In Wisconsin, the termination of parental rights of only one parent at the request of the other generally cannot happen unless there is an accompanying step-parent adoption. In other words, the parental rights of a parent cannot be terminated unless there is a new parent ready and willing to step into that role. Wisconsin’s policy is that a child is entitled to have two legal parents to support them.
And, the willingness of a step-parent to adopt is not enough to trigger a termination of parental rights if the other parent does not agree. There are necessary grounds to be established for an involuntary termination of parental rights. For example, the most common ground is abandonment which is defined as a failure to visit or communicate for a period longer than three (3) months, unless good cause is shown as to why the parent failed to visit or communicate (i.e. denial or interference of periods of placement). Other grounds are failure to assume parental responsibility, abuse, incest, sexual assault, homicide or attempted homicide of the other parent and a parent who has a continuing disability.
Even if all of the above criteria are met, the court must then consider other factors when deciding to terminate parental rights. These factors include what is in the best interests of the child, the child’s family relationships (i.e. grandparents), the wishes of the child and whether the child can enter into a new stable family situation as a result of the termination.
Recently, a reader pointed out to us that a termination of parental rights can occur without a step-parent adoption. While this is true, it is a rare situation where there are usually extreme or exigent circumstances such as when abuse, severe neglect or a serious crime against the custodial parent or child is involved. Also, if the state is involved, as in where a parent or parents have been deemed to be unfit for an extended period of time, a termination of parental rights is sometimes granted. These are not typically situations, however, which generally impact upon divorce or family matters. We are not experts in these other types of cases and, therefore, cannot provide any further information. If you believe your situation falls under one of these categories, we encourage you to seek the advice of an experienced attorney in that area.

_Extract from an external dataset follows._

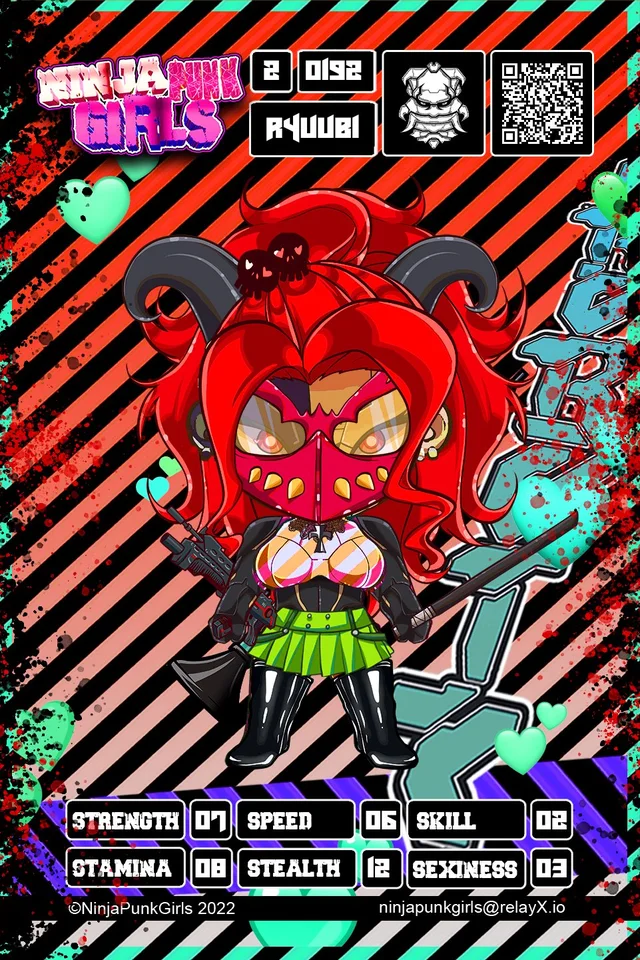 Original minted card #0192 Ryuubi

Permanently terminating a parent’s rights to his or her children is a serious and life-changing event for both parent and child. Frustration with your ex-spouse or an unwillingness to see your children or pay child support is not enough to trigger this most serious of actions. Under Wisconsin law, the rights of the child are paramount and a child is entitled to two legal parents. This is true regardless of the feelings of one parent towards the other and regardless if a parent has no interest in the child(ren) and/or does not want to pay child support.